Here's a picture of my trusty 820...for me it is a year round commuter...again I think the Kona is your best option, but I know that having a new bike definitely helps to start up the momentum for riding  still...I think if you stick with the Kona you'll be pleasantly surprised. BTW, the 820 weighs 34.5 pounds as pictured...whenever I'm riding to work I have a pannier that attaches to the rack which easily adds another 10 pounds. So commuting weight of the bike is 44.4 pounds, and I have some pretty massive hills that I encounter on my 7 mile commute (one way).

Why don't you take it into a bike shop or have a bike savvy friend look it over and see what it might need? If it's been sitting for a while it will probably need a tune up and new brake/shifter cables. Probably wouldn't hurt to put some street tires on it too. If you can do the work yourself or talk a friend into it for a 6 pack it probably won't cost you much over $50. Worst case you have to re-grease the hubs and that's a pretty easy task, and grease is cheap  

I was in the same situation as you...when I fixed up my Trek..actually the bike had been sitting for 14 years, and it needed a complete overhaul from the hubs up, and I upgraded the brakes and shifters while I was "in there."

Jared


----------



## unclefuzzy_ss (Nov 23, 2002)

Scrap the Kona. For what you're doing - you're right, it just won't be 'right'. The 7.2 FX is a nice enough bike, and one that may not get a ton of attention on campus.
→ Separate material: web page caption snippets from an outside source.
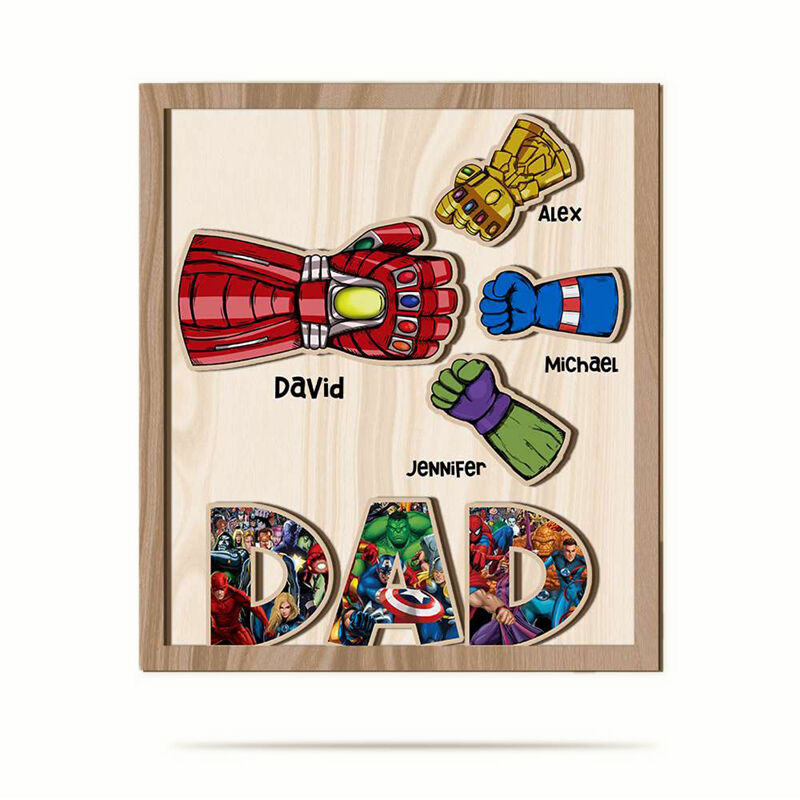 Personalized Wooden Plaque - Name Fist Bump Dad and Kids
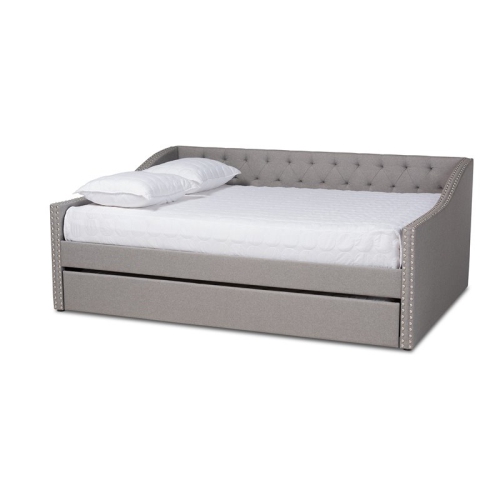Baxton Studio Haylie Full Size Light Grey Upholstered Daybed with Trundle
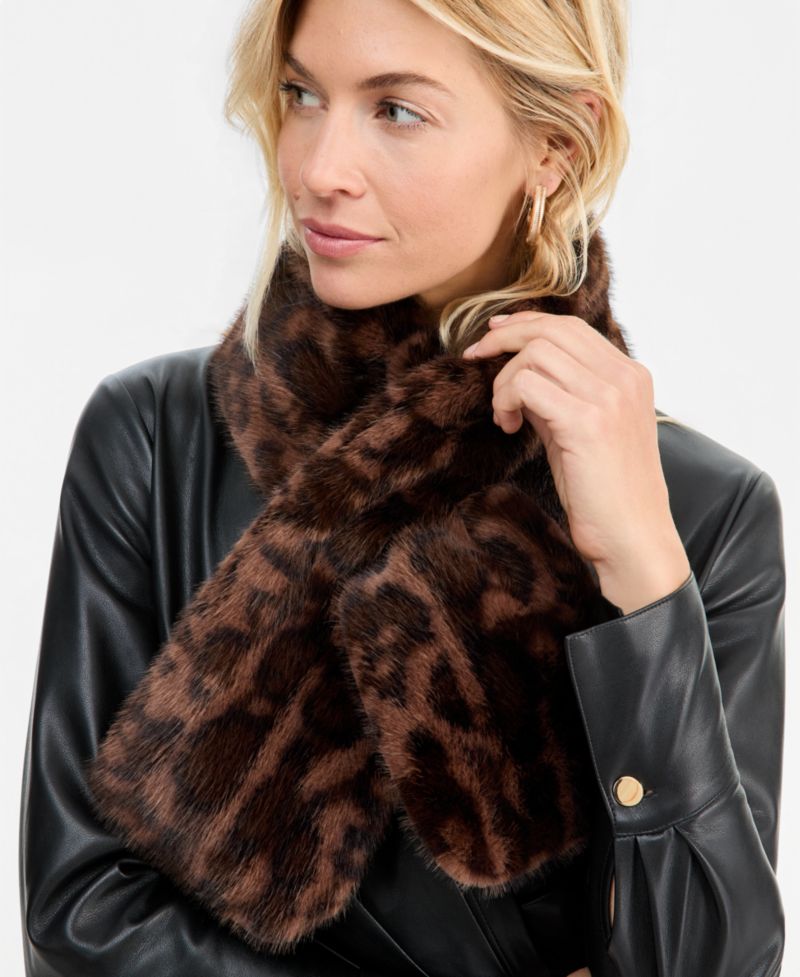 Women's Leopard-Print Faux Fur Muffler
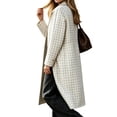 thumbnail image 5 of Cmfcve Womens Gingham Plaid Long Overcoat Button Front Business Casual Coat Fall Winter Collared Outerwear, 5 of 7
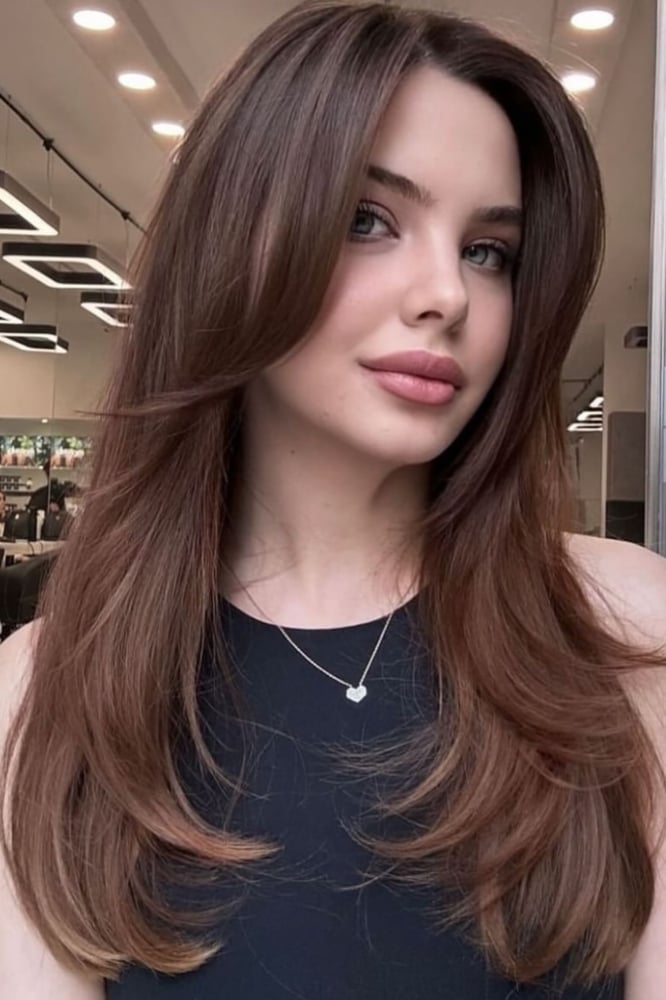 Dark Brown With Voluminous Face Framing Dark Brown With Voluminous Face Framing — Face Framing Layers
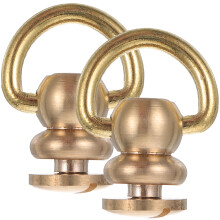 2Pcs Brass D Rings Rivets Kit for Leather Bags Durable Purse Hardware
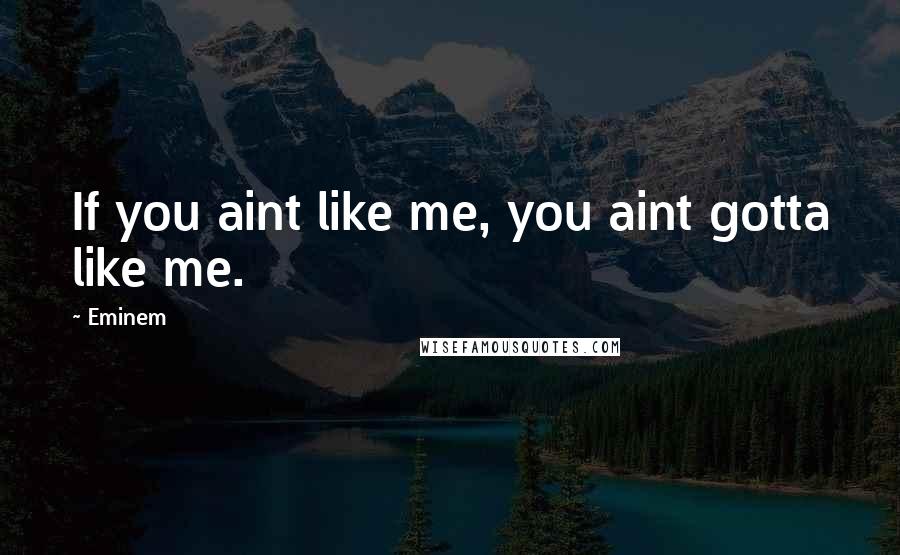 Eminem Quotes: If you aint like me, you aint gotta like me.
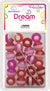 DREAM BEAD 16MM STRIPE 24PC MIX PINK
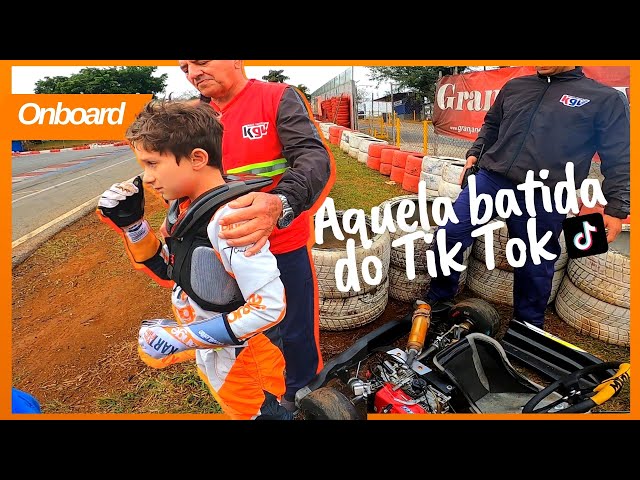 Batida forte de kart profissional cadete na curva 1 do Kartódromo Granja Viana (aquela do Tik Tok)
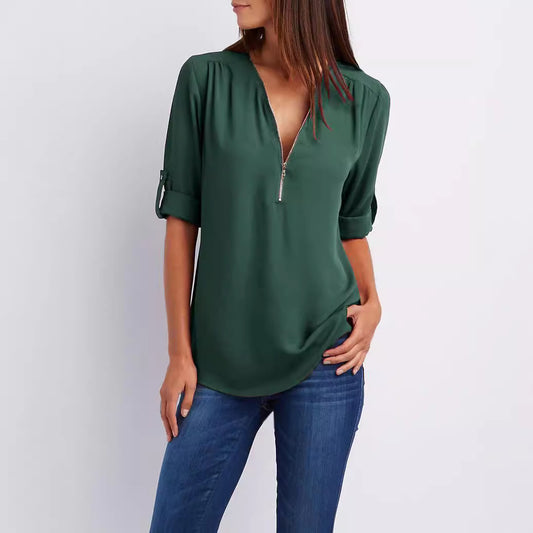 Women's Hosting Label Zipper Rollable Sleeves Chiffon Blouses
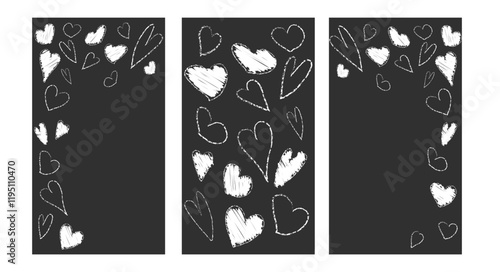 Pastel brush heart pattern for vertical story. Black and white hand drawn valentine banner. Abstract freehand border for love day frame. Cute lipstick texture scratch on template for party design.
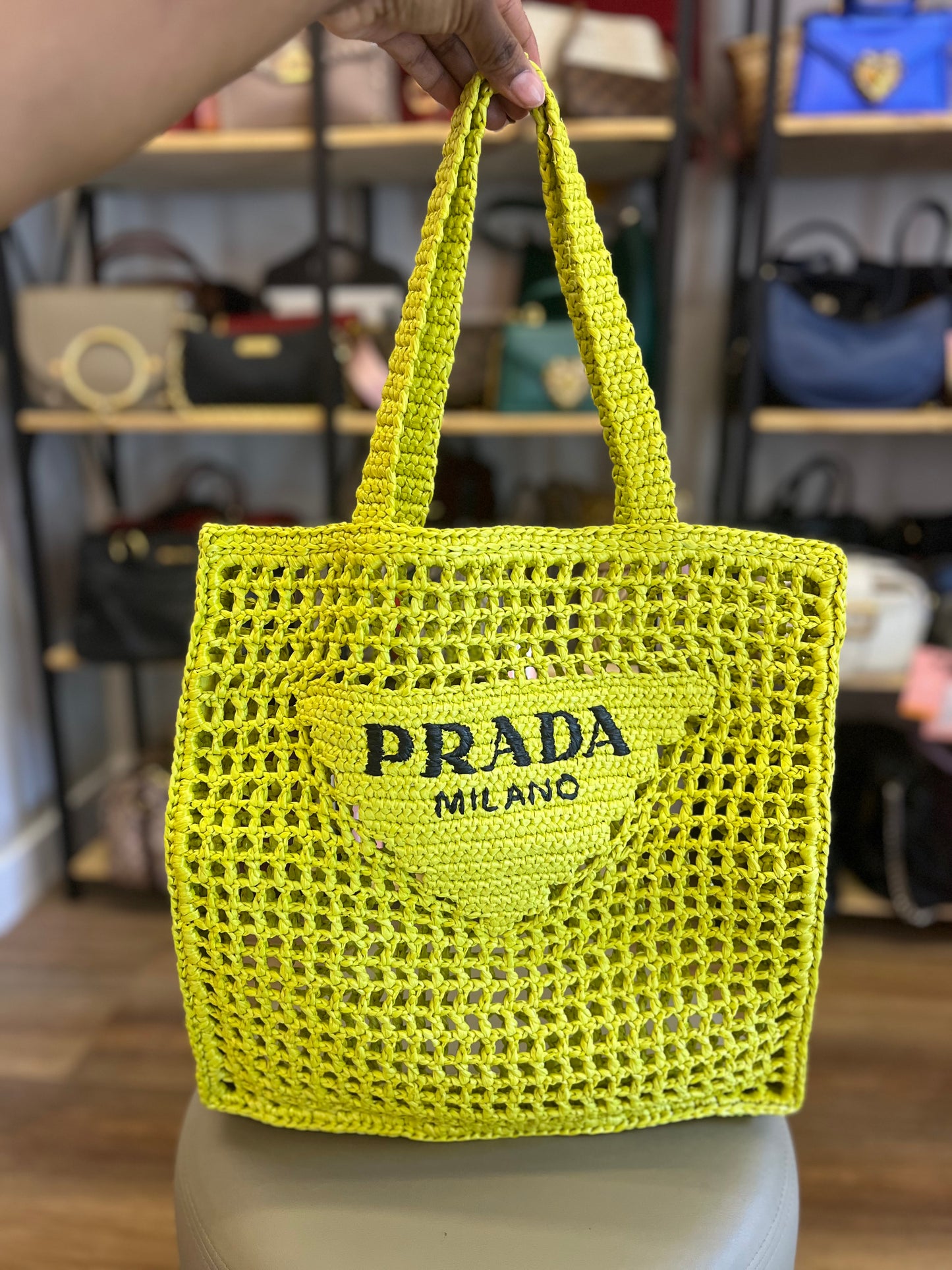 Prada Raffia Tote bag Verde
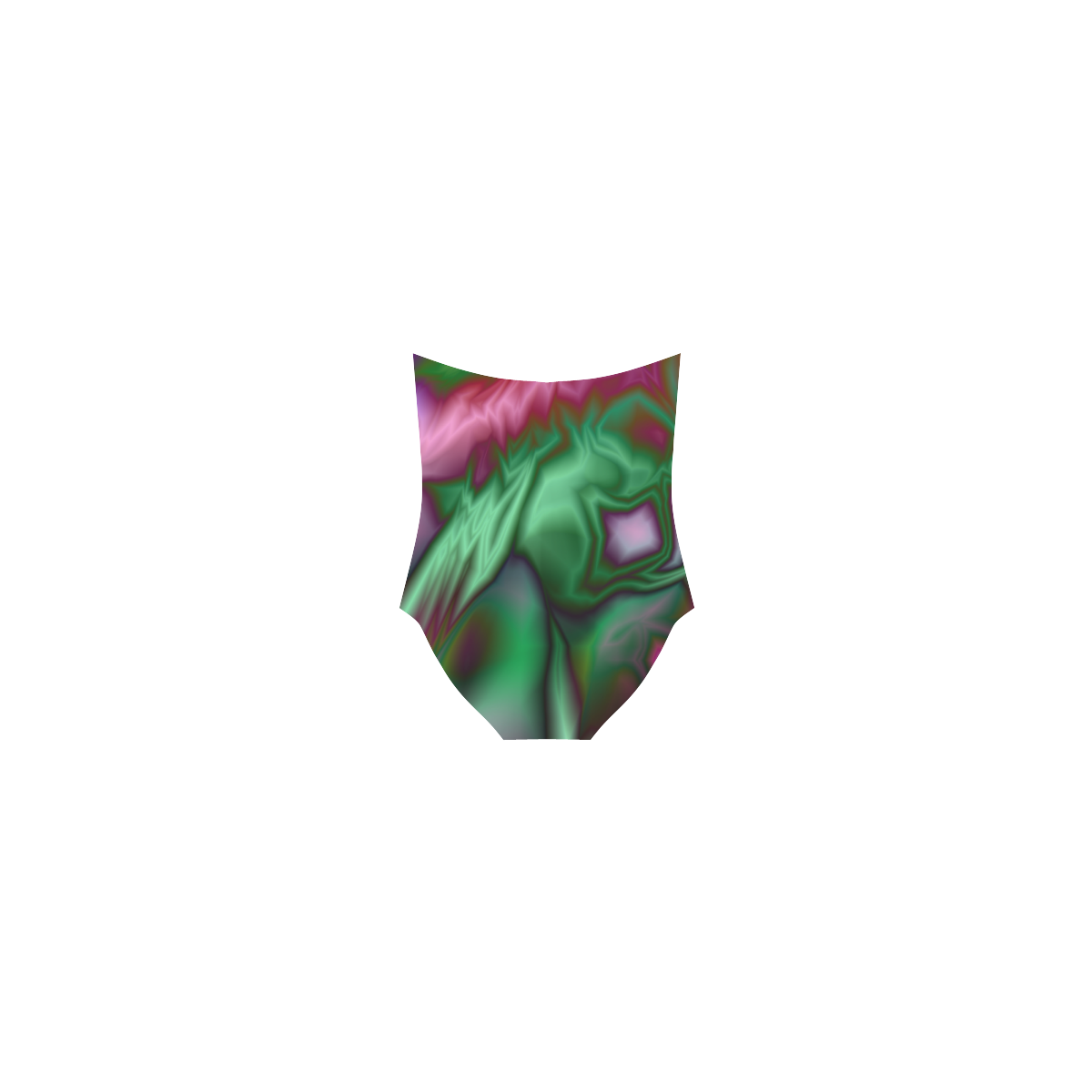 Abstract psychedelic pattern . red and green . Strap Swimsuit ( Model S05)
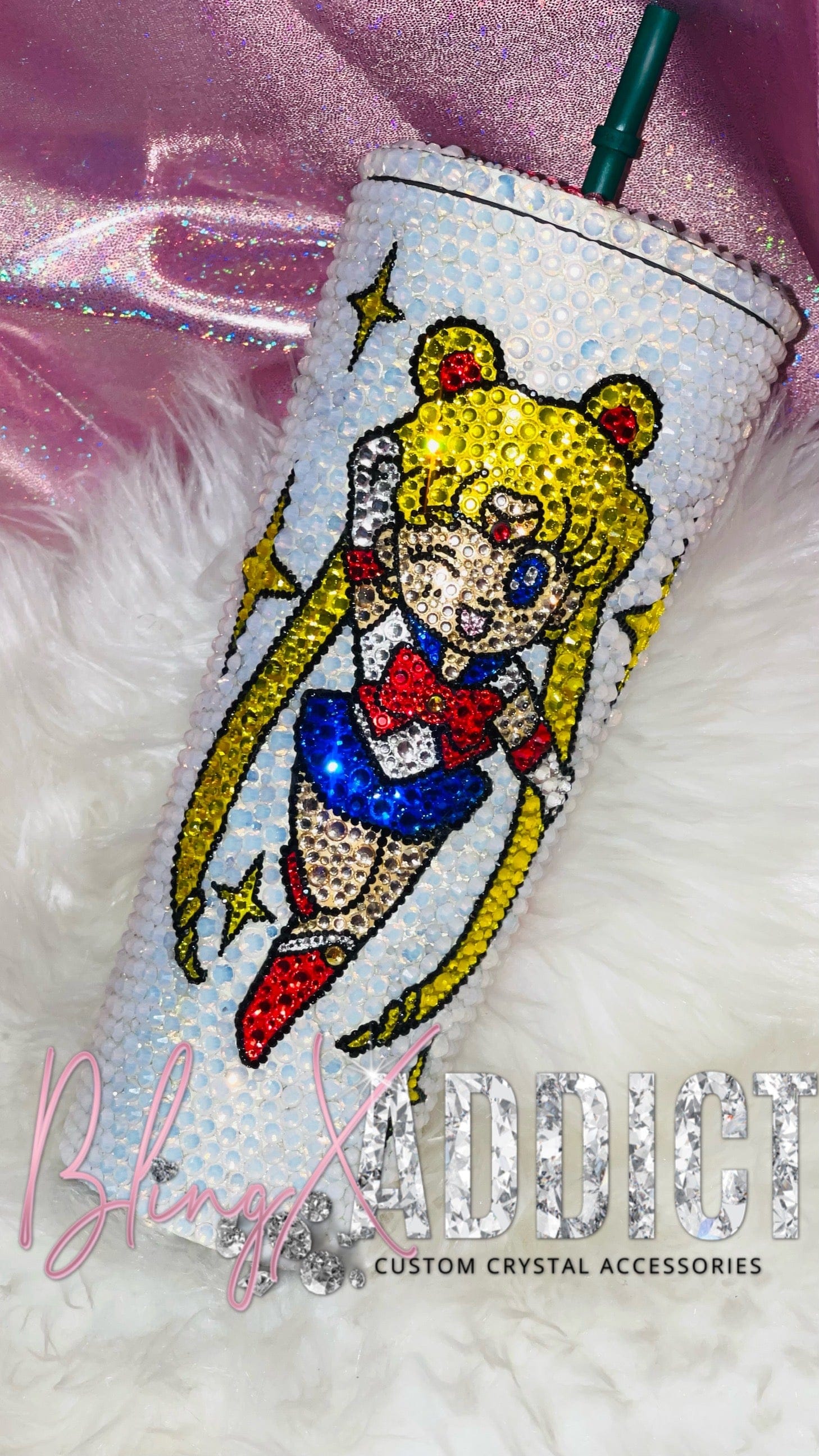 Sailor Moon Chibi Bling Starbucks Tumbler Tumblers by Bling Addict | BlingxAddict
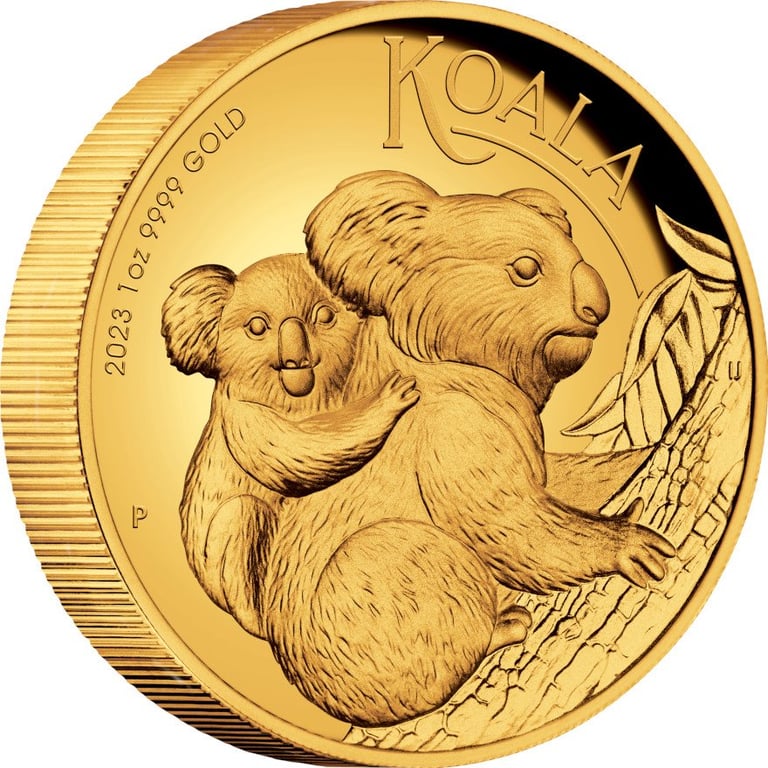 Side view of the Gold Koala 1 oz PF - High Relief 2023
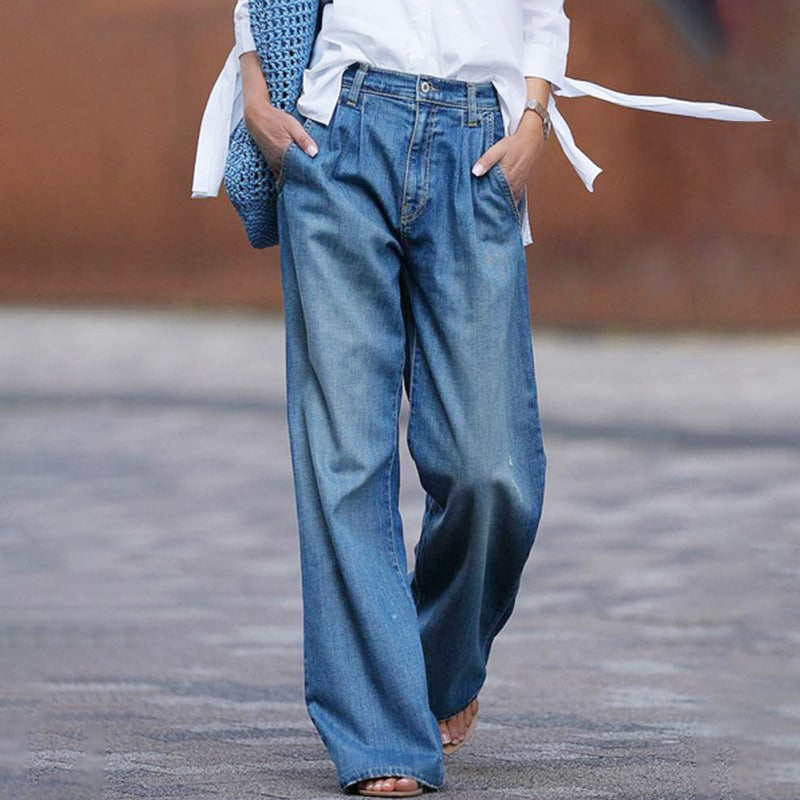 Dames Jeans met Wijde Pijpen en Relaxte Pasvorm Blauw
I would suggest moving up to the 7.3 if you want to stay flat bar. Reason? better wheels to jump curbs with, and ride dirt roads. Plus, and this is probably the biggest deal, the tires are kevlar belted, essentially eliminating flats from sharp stuff.

With a $900 budget, one COULD get a nice cyclocross bike on close out. Something from Kona, Surly or Redline would suit the bill really well.


----------



## myorangefriend (Dec 18, 2007)

You can get a singlespeed cyclocross for the $600 ish price tag. I recently purchased a specialized tricross SS and it's been wonderful so far. I commute to work and around town, so i'm doing many 5-11 mile bursts which are no problem for this bike.


----------